Author: Swati Avasthi
Genre: Teen Fiction, Realistic Fiction
Publication Date: March 9, 2010
Publisher: Knopf Books for Young Readers
ISBN-13 Book: 9780375863400
Source: I received a copy for review from the publisher for my book award committee. This is my honest review!
Split by Swati Avasthi
My rating: 4 of 5 stars
When sixteen year-old Jace arrives on the doorstep of his estranged brother he doesn’t know what kind of reception to expect. For years he has stepped between his father and the abuse that he dishes out to his mother, and now his father has kicked him out of the house. With no place else to go, Jace turns to his brother who left home years ago, without any word to the family. Jace tries to move on from his past and his father, but sometimes the past follows you no matter where you may go.
I think the most remarkable thing about this novel is that it doesn’t pull any punches—pardon the pun.
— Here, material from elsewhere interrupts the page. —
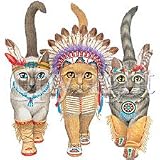 Native American Cats Adult T-Shirt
There is no easy way out, no quick fix, no ready-made solution. In this novel the character’s emotions feel raw and real. This is not a book that slaps a band-aid on the problem and everyone lives happily ever after. In that respect this novel was outstanding.
The characters in this novel feel real. Their emotions and actions are realistic and sometimes very raw. Both brothers, Jace and Christian have a lot of baggage they carry around after years of living in an abusive household, and the two of them deal with it in different ways.
The pacing of this book could be a bit frustrating at times. I wanted the book to go more quickly than it did. While the story does a good job of propelling you through the novel, there are times when it was just too easy for me to put down. Thankfully the audio got me through those parts.
The audio book is produced by listening library and read by Joshua Swanson. I have listened to Swanson perform before and liked his narration. Last year I listened to The Lost Hero by Rick Riordan. During that performance I felt like he did a remarkable job with the narration, but while narrating Split the narration felt stilted in places. Since I don’t remember the narration in The Lost Hero being that way, I have to wonder if that is because of the way the book is written. It wasn’t a major problem, but it was a bit distracting at times.
Overall this is a realist and raw portrayal of two young men dealing with the consequences of domestic abuse. Well written.